Monday, January 19, 2009

On the wagon in the moment of now

One thing that has helped this hillbilly follow the straight and narrow is focusing on the moment of now and not getting all caught up in the 'what ifs' of life. I try to not worry about things that haven't happened and make plans that are only consistent with probability for the things that might happen.
This morning I was thinking about the 'what if' of my reaching my weight goal. Will I just turn around and balloon back up to 225? What kind of diet will I be able to enjoy? How often will I be able to eat really fattening things that I do so enjoy? The reality of all this is that I haven't even dropped below 210 yet, but here I am all caught up in the future and things that are not part of my moment of now.
But ya see, I've got reason to worry about these things (not). I've never done anything that felt good to me that I didn't get almost immediately addicted to. Sometimes I mention that I don't drink or take drugs. Well, that's because 12 yrs ago I quit doing that stuff because it was destroying my life and I know that if I start doing them again, I'll go right back to where I was. MY life is too good for that. I don't smoke tobacco anymore either. Haven't touched the stuff in over 5 yrs. If I do, I'll go right back to it full-time and I don't know if I can go through the pain of quiting again. . . I know my wife and family couldn't.
My basic rule for staying clean of these bad addictions is; No matter what happens, no matter how bad it gets, no matter who effects me, I don't go near drugs, alcohol or tobacco products. <---period. Simple.
If only it were so easy with food. Give up food? Can't do that. Give up something that gives me great pleasure but can and should be regulated? Naaaaw. I've given up enough. I've got to take this addiction and reach a compromise. Exactly what that compromise will be, I dunno. See, today I just have to focus on sticking with the diet. When I hit a weight I'm comfortable with and want to maintain it, then I'll worry about what, where and how often. Today I'll just focus on the moment of the now and see where I end up.

I really am back on track. This morning I was back where I was Fri. morning, so while I did have a slight but enjoyable little relapse, things are still progressing well.
BTW: If you're working recovery from some other addiction like drugs or alcohol, there are no "compromises" and I don't suggest you try any "slight but enjoyable relapses." They never turn out that way.

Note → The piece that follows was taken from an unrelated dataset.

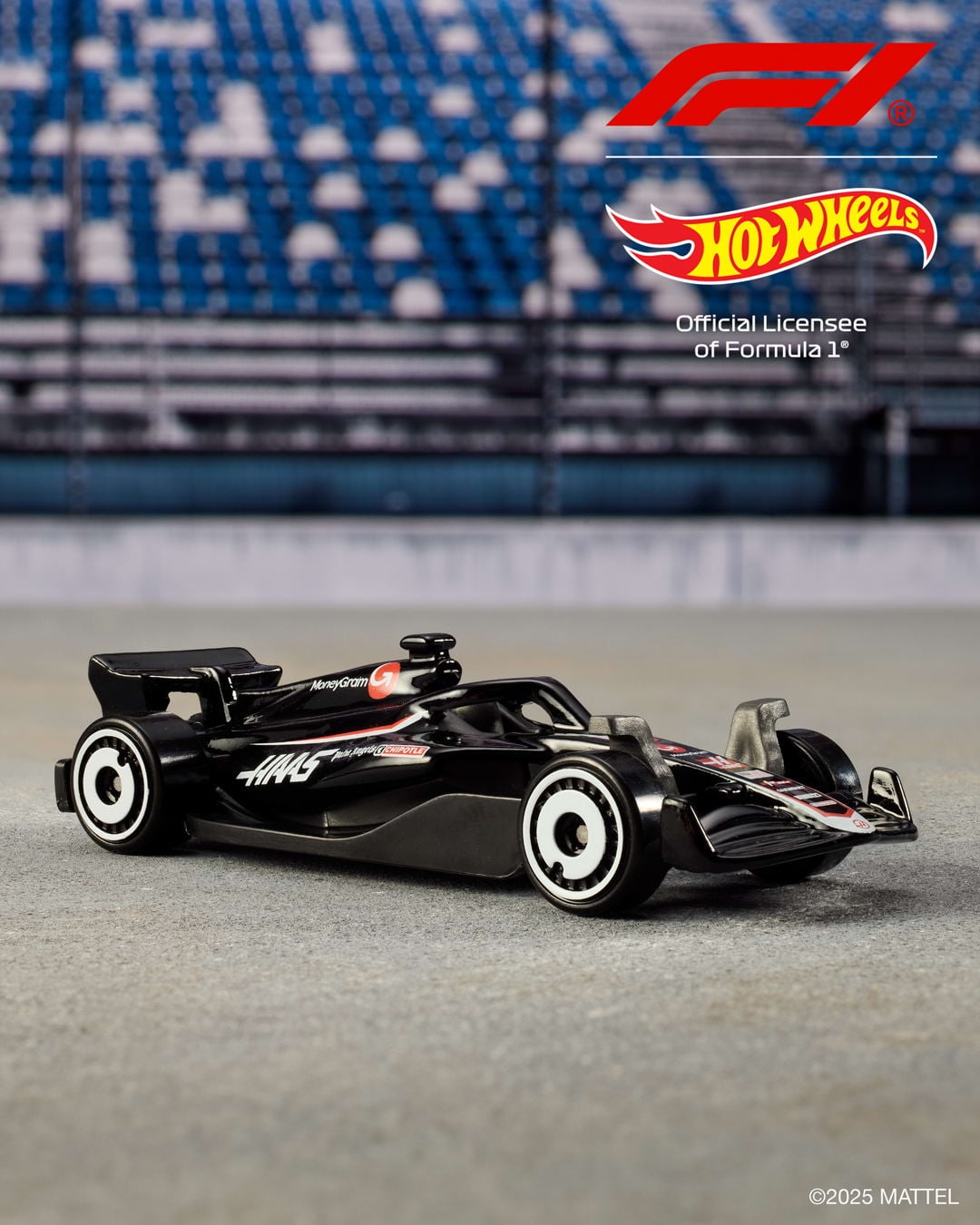 Hot Wheels 5-Pack Race Team, Set of 5 Formula 1-Themed 1:64 Scale Die-Cast Toy Cars - view 5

HEY! What an incredible week it's gonna be! I've witnessed one or two truly historic events in my life and tomorrow will be another one of those times. One of those times that make me actually feel good about my country and proud and grateful to be living in this time. I'm so glad I've lived (hopefully) to savor this stunningly wonderful event.
Remember, people will someday ask, where were you when Barack Obama took the oath of office and became President of the United States?

5 comments:

Mac Daddy Tribute Blog said...

Sagacious, good to hear you're back on track and sounding more positive.
This s**t is not easy. I was overweight too.

rainywalker said...

Stick with it! I was in Colorado Springs enjoying every minute of history. It feels like a time of change and therefore it will be.

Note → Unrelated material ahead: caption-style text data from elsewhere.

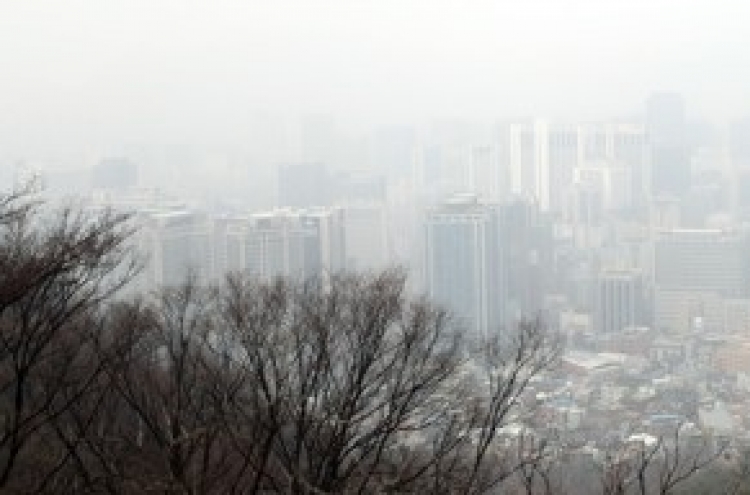 Ultrafine dust chokes Korea, cold spell expected late Wednesday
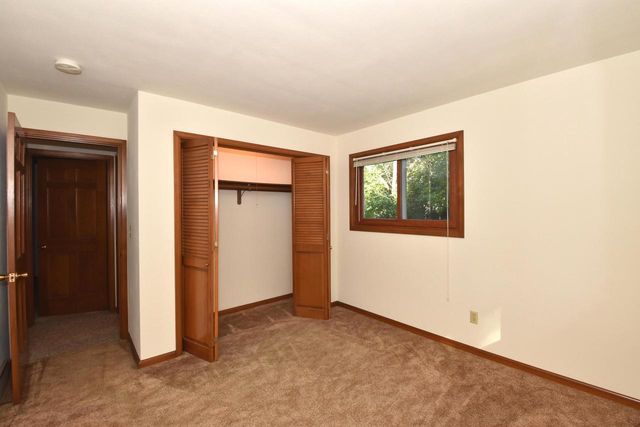 4837 W Knollwood DRIVE, Mount Pleasant, WI 53403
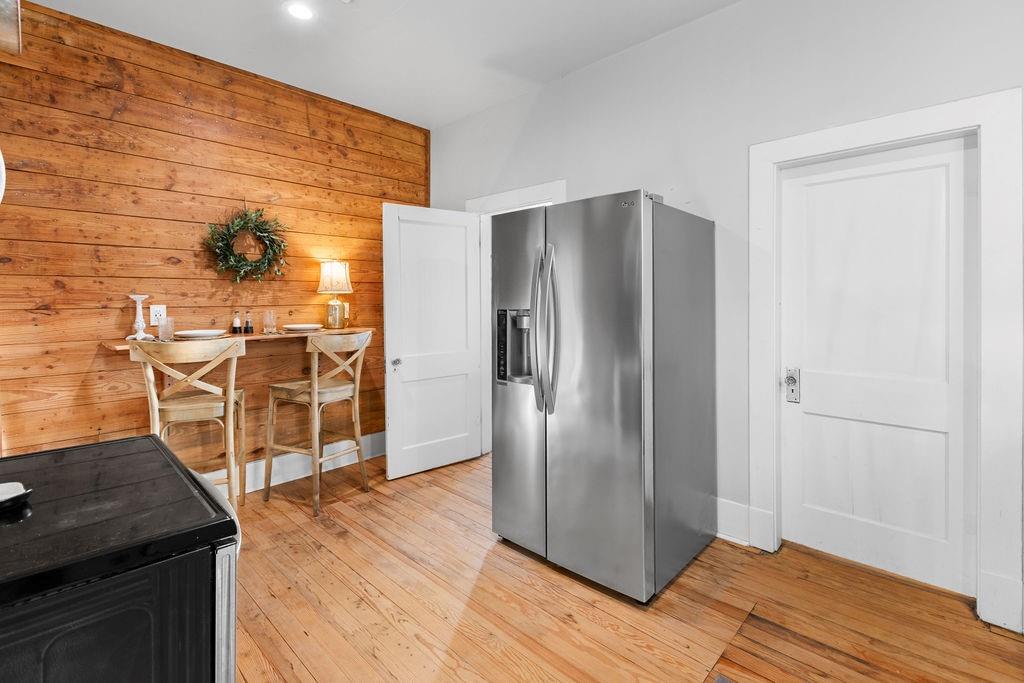 915 North Center Street Bonham, TX 75418 - Photo 9 of 30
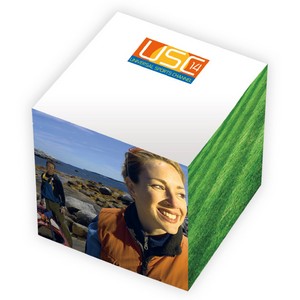 SouvenirÂ® Sticky Noteâ„¢ 3" x 3" x 3" Cube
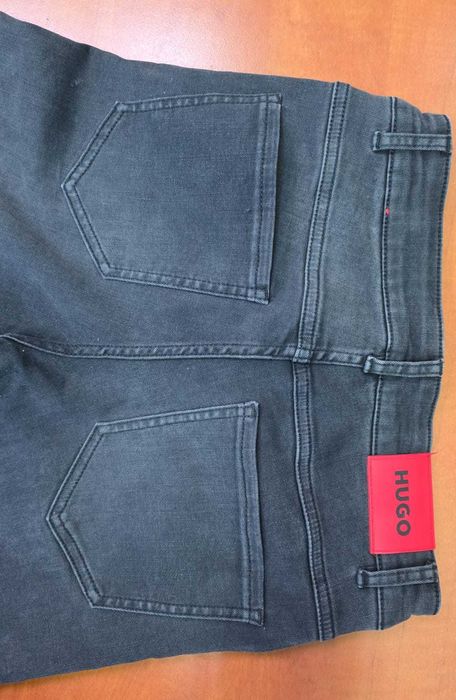 Blugi Hugo/734 negri - copii varsta 14 ani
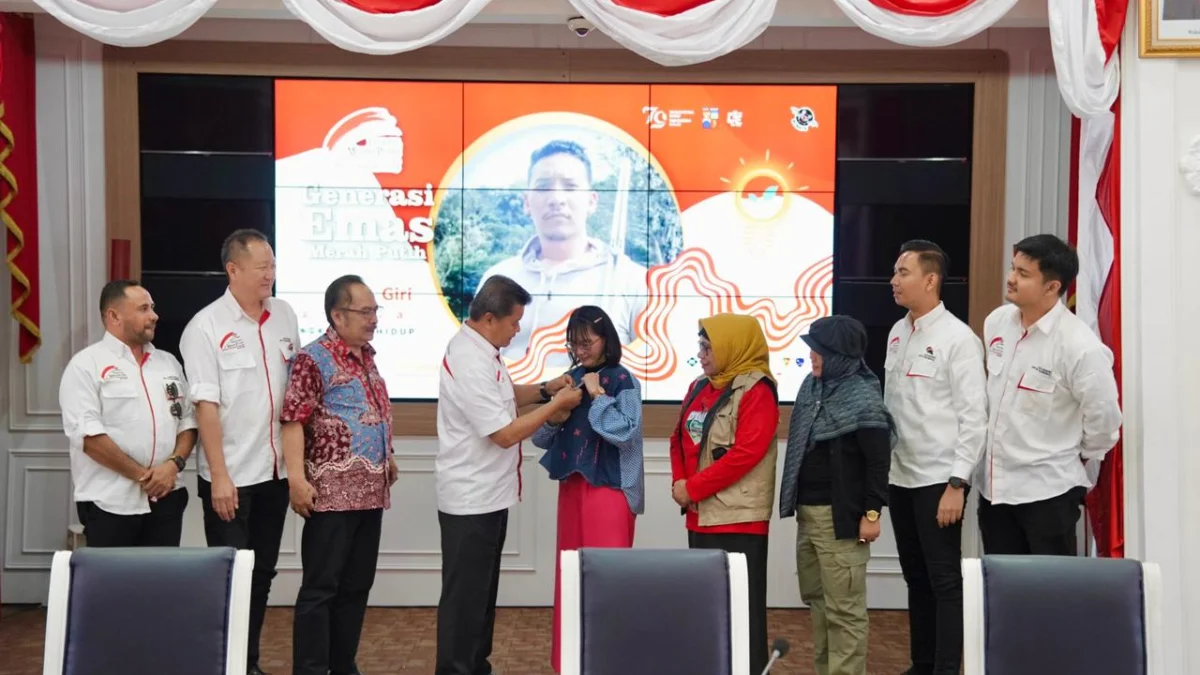 Jajaran Tim Festival Merah Putih saat memberikan penghargaan kepada salah satu nominator. (Yudha Prananda / Jabar Ekspres)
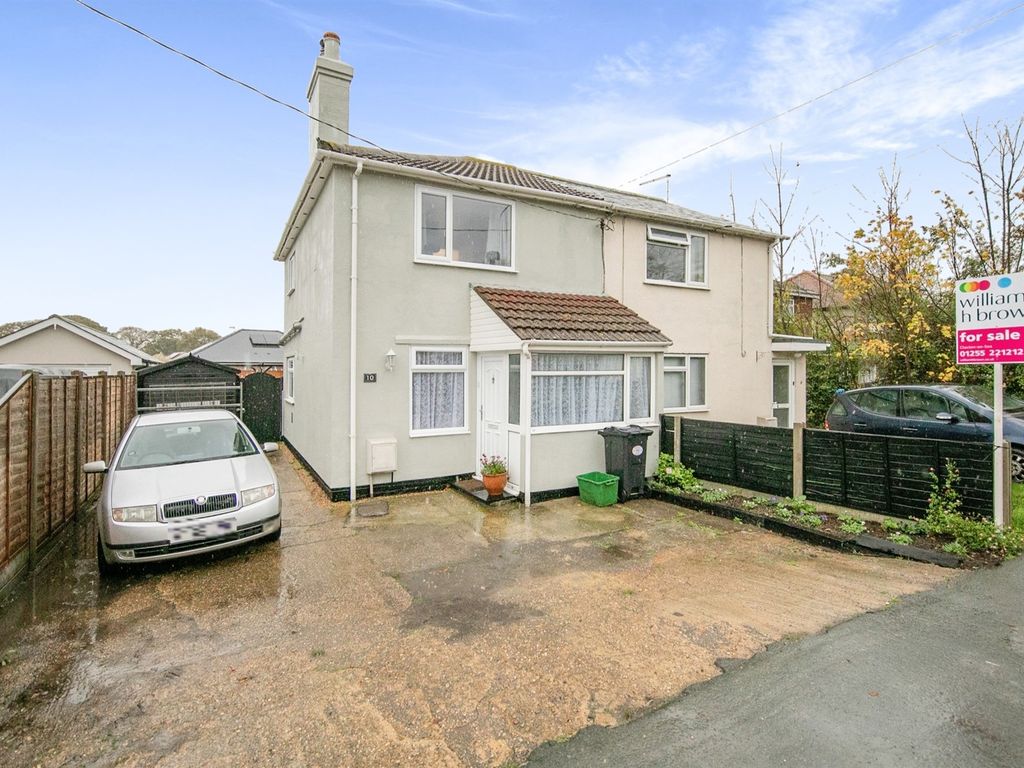 3 bed semidetached house for sale in Weeley Road, Little Clacton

Mac Daddy Tribute Blog said...

I think that your losing weight is a metaphor for what all Americans need to do: trim the fat.

SagaciousHillbilly said...

Mac, Good idea. May I add to "trim the fat" and "get busy!" Work, do your job, be productive. If you don't like your job, move on. But if you've got a job, do it and do it well.
Obama said he was inspired by the USAir pilots who said they were "only doing their job." It's true. Everyone should just do their job to the best of their ability. Why not? In the words of Obama "we'd be in much better shape."

Peg said...

I'm a new reader but wanted to "weigh in" with a couple of thoughts.

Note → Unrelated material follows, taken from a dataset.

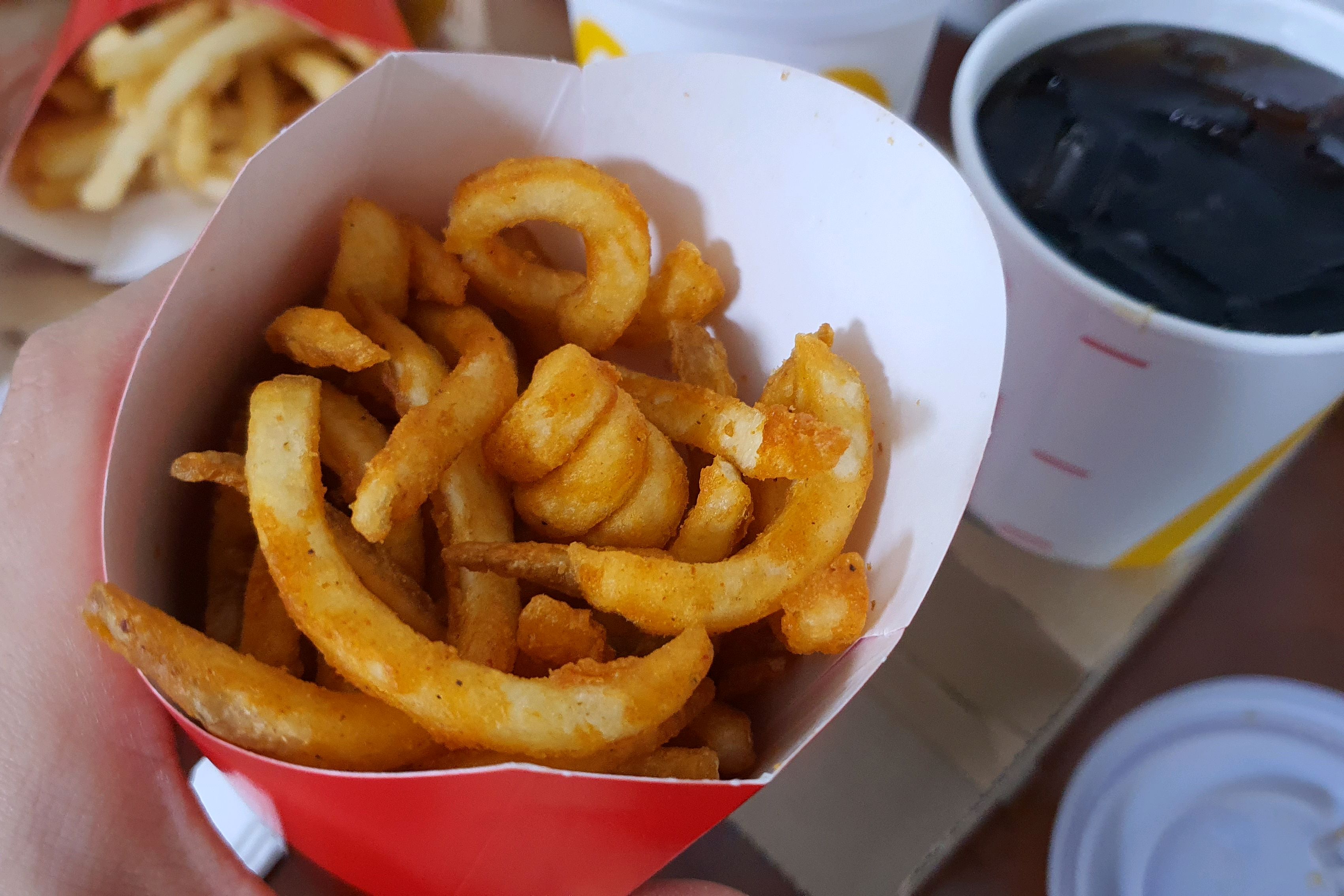 행운버거 : 짭잘한 긴 빵모양의 불고기버거 - 아바이마을 맛집 맥도날드 속초DT점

I just celebrated 22 years of continuous sobriety for which I am very grateful.

I am the only one in my immediate family that had a drug and alcohol problem, but I've watched virtually every one else in my family suffer with extreme weight problems. My heart goes out to them.

Food is different and I would think more difficult to manage. I would hate to imagine where I'd be if I had to drink "just a little alcohol" each day in order to survive.

I admire you and would like to add my encouragement toward your goals.